J functions to read files produce results in the form of character-strings, and similarly functions to write files take strings as arguments. Such a string can be the whole data content of a file when the available memory of the computer is sufficient.

Our approach here will be to look first at some J functions for input and output of strings. Then we look at a few examples of dealing with strings as representing data in various formats. Finally we look at mapped files as an alternative to conventional file-hindling.

28.1 Reading and Writing Files

28.1.1 Built-in Verbs

In the following, a filename is a string which is valid as a filename for the operating-system of the computer where we are running J. For example, if the operating-system is Windows we could write :

    F =: 'c:\temp\demofile.xyz'       NB. a filename

or with Linux we could write:

    F =: '/home/username/demofile.xyz'

The built-in verb 1!:2 writes data to a file. The right argument is a boxed filename. The left argument is a character-string, the data to be written. The effect is that the file is created if it does not already exist, and the data becomes the whole content of the file. The result is null.

   'some data' 1!:2 < F    NB. write to file F

The built-in verb 1!:1 reads data from a file. The right argument is a boxed filename. The result is a character-string, the data read.

   data =: 1!:1 < F     NB.  read from file F

data $ data
some data 9

28.1.2 Screen and Keyboard As Files

Screen and keyboard can be treated as files, to provide a simple facility for user-interaction with a running program.

The expression x (1!:2) 2 writes the value of x to "file 2", that is, to the screen.
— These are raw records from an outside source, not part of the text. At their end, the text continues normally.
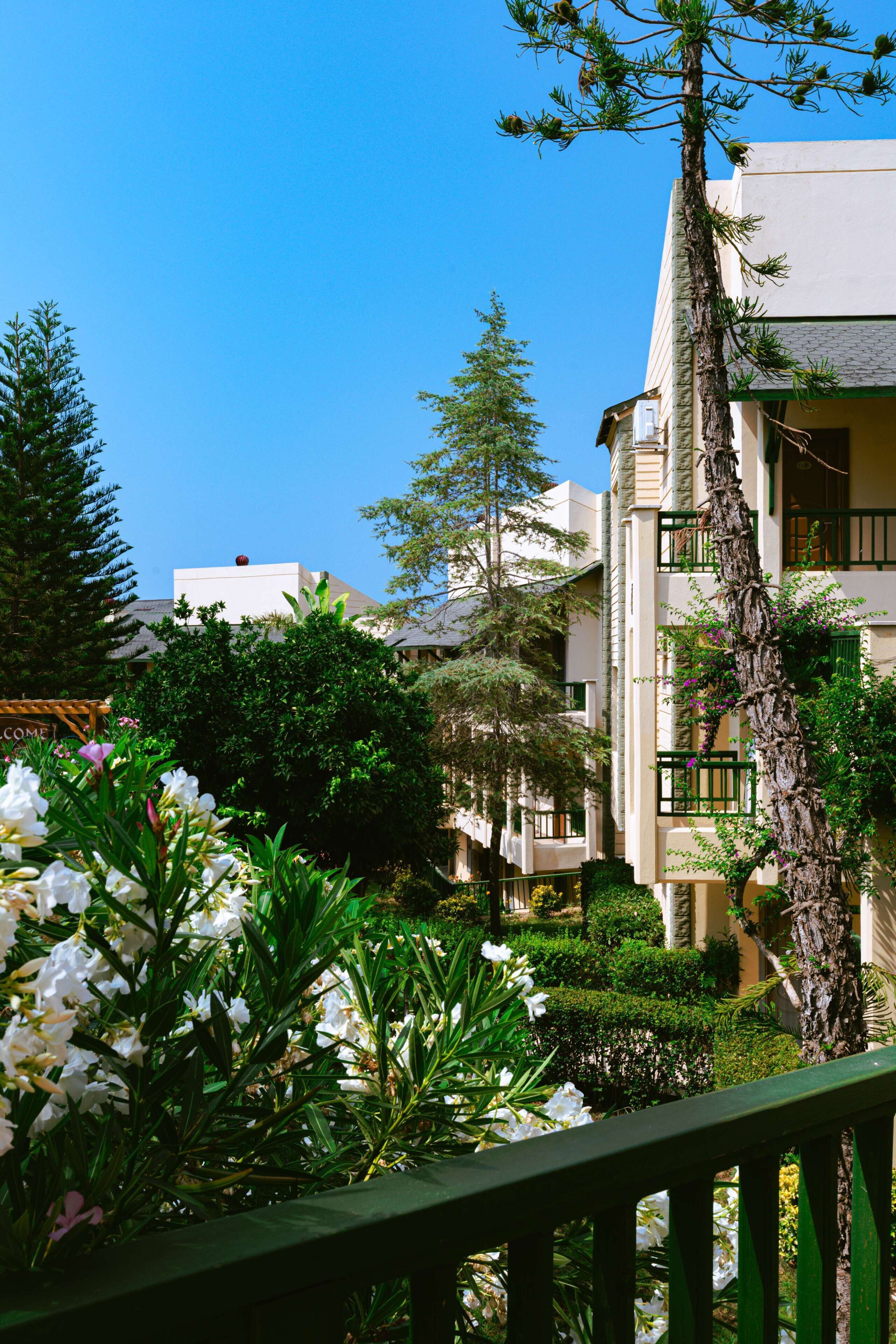 Ein Gebäude mit einem Balkon, umgeben von Grünpflanzen und Blumen.
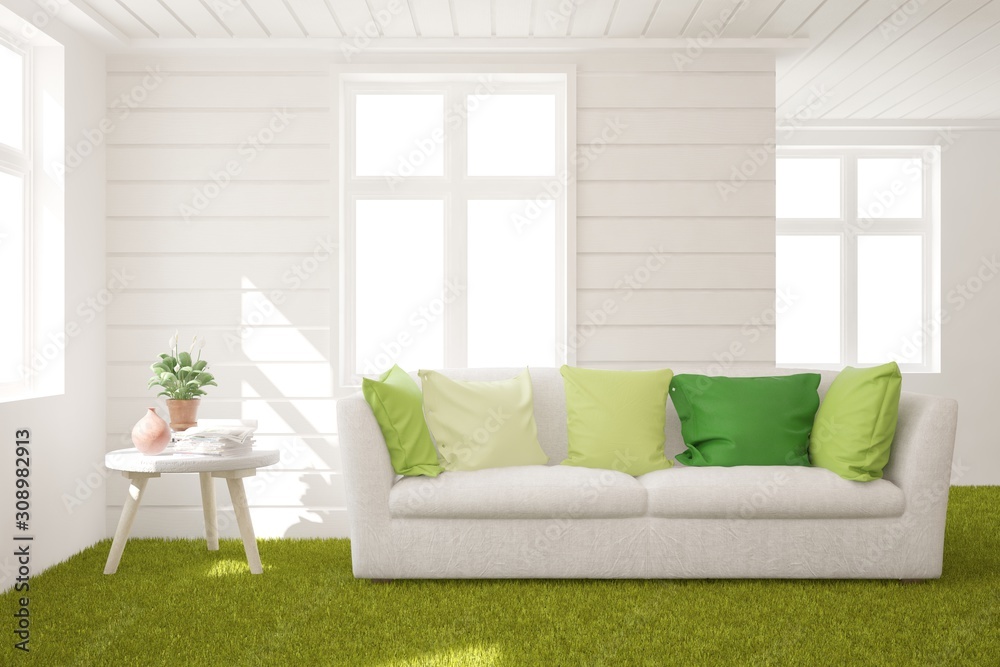 Fototapeta premium Stylish room in white color with sofa and grass floor. Scandinavian interior design. 3D illustration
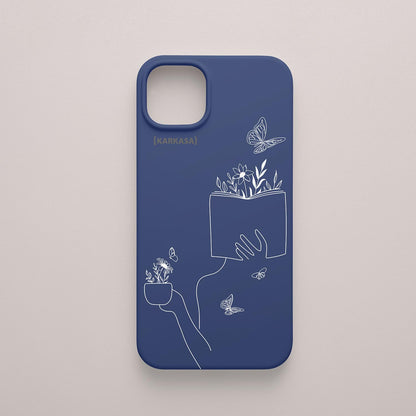 Funda de móvil KARKASA con ilustración lineal blanca de una figura leyendo con flores y mariposas, en silicona mate Silk Touch azul marina.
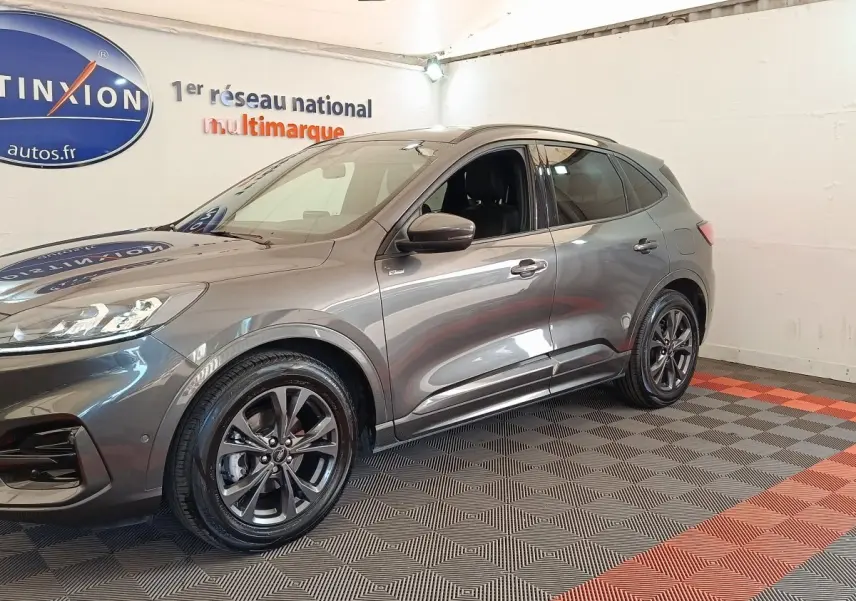 Vue 3/4 avant droit d’un Ford Kuga gris foncé 2023 avec jantes alliage et toit noir dans un showroom.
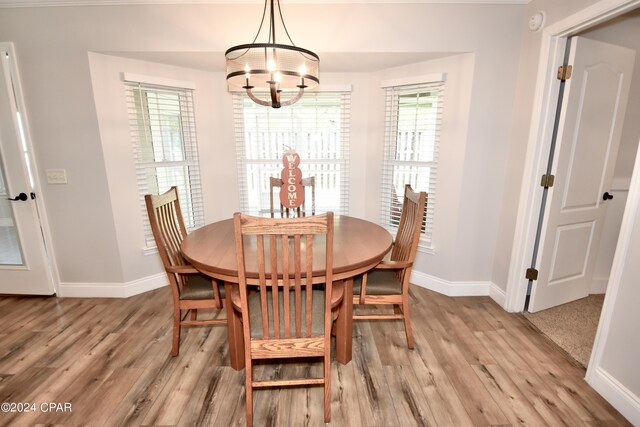 dining space with an inviting chandelier and light hardwood / wood-style flooring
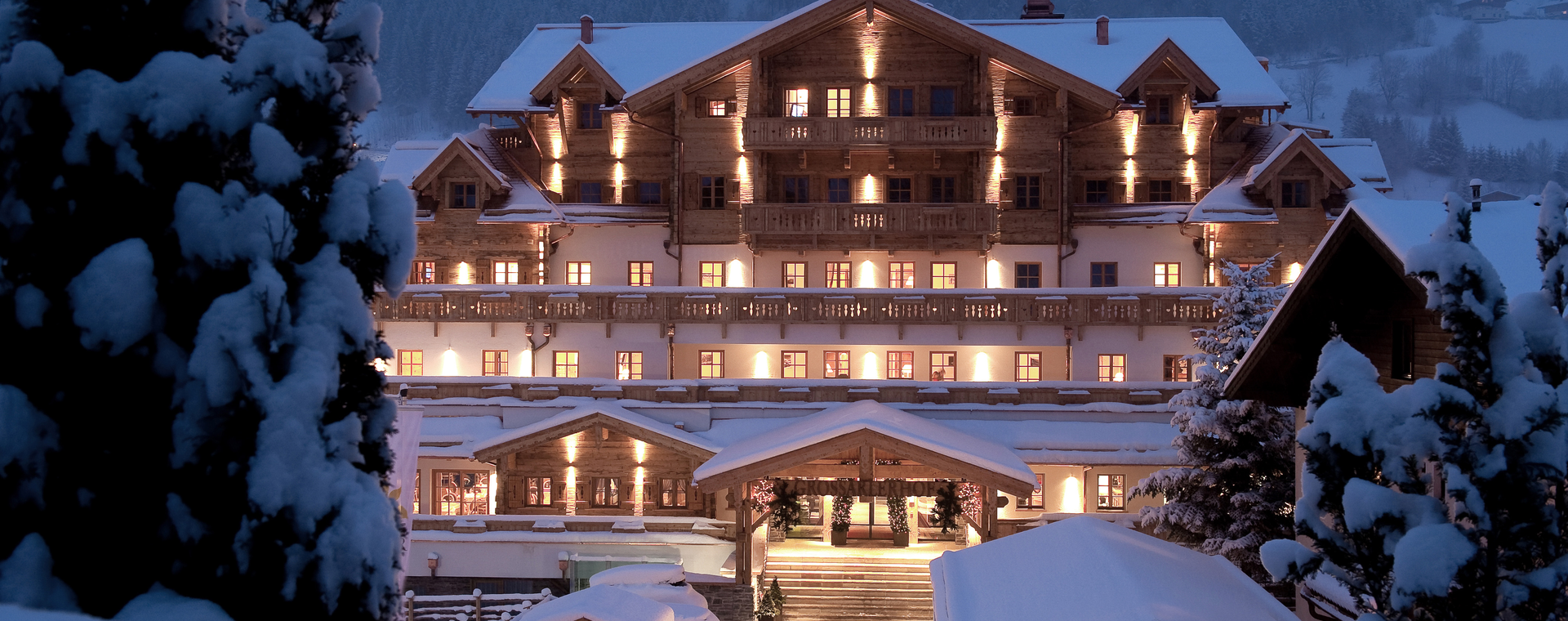 Winterliche Außenansicht des Boutique Hotel Salzburg bei Nacht, stimmungsvoll beleuchtet und umgeben von verschneiter Berglandschaft | ©  Gruber Michael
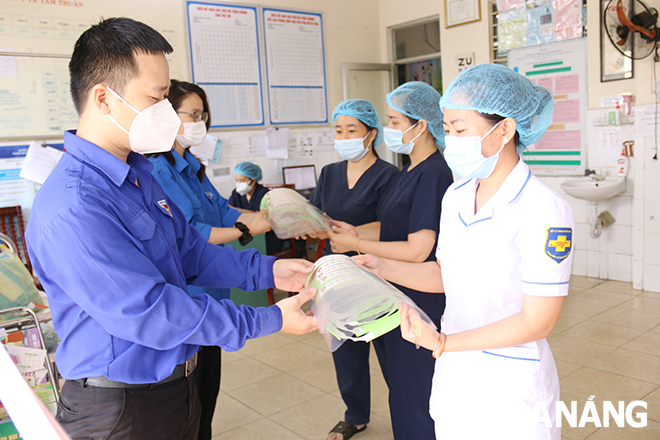 Đoàn viên, thanh niên thành phố trao mũ chống giọt bắn cho các y, bác sĩ ở Trạm Y tế phường Tam Thuận (quận Thanh Khê). Ảnh: THANH TÌNH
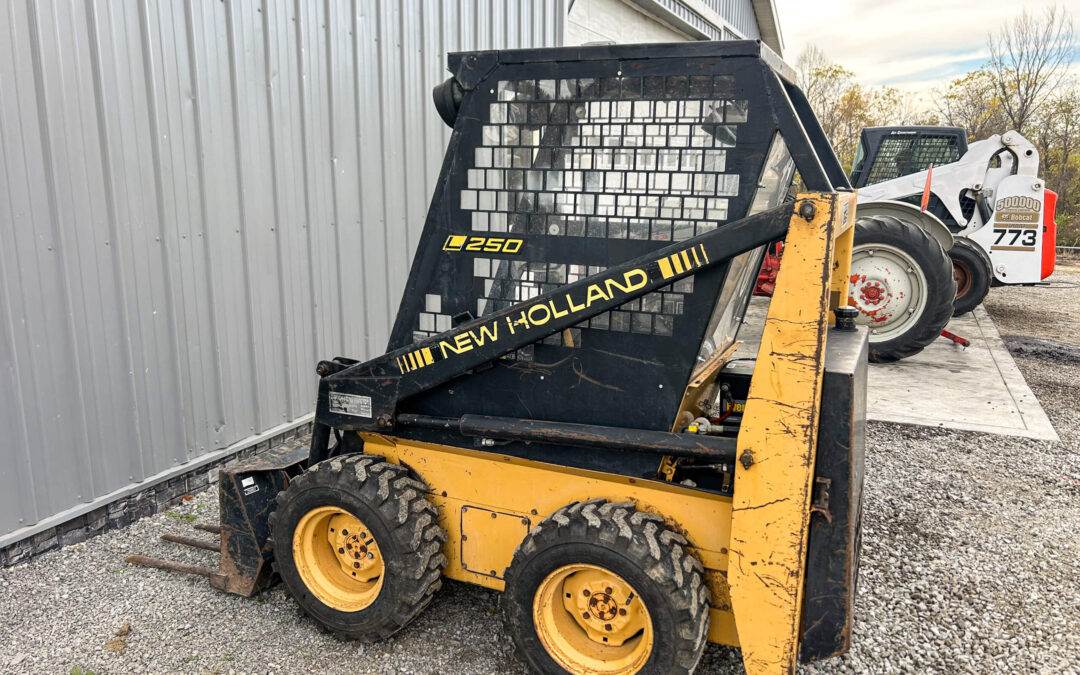 Troyer's Skidloader Repair Rushsylvania, OH A yellow New Holland L250 skid steer loader is parked on gravel beside a metal building, with another loader visible in the background.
A verb to display to the screen can be written as

   display =: (1!:2) & 2

For example, here is a verb to display the stages in the computation of least-common-denominator by Euclid's algorithm.

   E =: 4 : 0
display x , y
if. y = 0 do. x else. (x | y) E x end.
)
   
   12 E 15
12 15
3 12
0 3
3 0
3

The value to be displayed by (1!:2) &2 is not limited to strings: in the example above a list of numbers was displayed.

User-input can be requested from the keyboard by reading "file 1", that is, by evaluating (1!:1) 1. The result is a character-string containing the user's keystrokes. For example, a function for user-interaction might be:

   ui =: 3 : 0
display 'please type your name:' 
n  =.  (1!:1) 1
display 'thank you ', n
''
)

and then after executing

     ui ''
   

a dialogue appears on the screen, like this:

   please type your name:
   Waldo
   thank you Waldo

28.1.3 Library Verbs

The library script files provides a number of useful verbs. Here is a brief summary of a selection:

s fwrite F write string s to file F
fread F read string from file F
s fappend F append string s to file F
fread F;B,L read slice from file F, starting at B, length L
s fwrites F write text s to file F
freads F read text from file F
fexist F true if file F exists
ferase F delete file F

From now on we will use library verbs for our file-handling.

   require 'files'

The library verb fwrite writes data to a file. The right argument is a filename. The left argument is a character-string, the data to be written. The effect is that the file is created if it does not already exist, and the data becomes the whole content of the file.

   'some data' fwrite F    NB. file write
9

The result shows the number of characters written. A result of _1 shows an error: either the left argument is not a string or the right argument is not valid as a filename, or the specified file exists but is read-only.

   (3;4) fwrite F
_1

The library verb fread reads data from file. The argument is a filename and the result is a character-string.

z =: fread F $z
some data 9

A result of _1 shows an error: the specified file does not exist, or is locked.

fread 'qwerty' fexist 'qwerty'
_1 0

28.2 Large Files

For large files, the memory of the computer may not be sufficient to allow the file to be treated as a single string. We look at this case very briefly. An alternative approach, using mapped files, is covered below.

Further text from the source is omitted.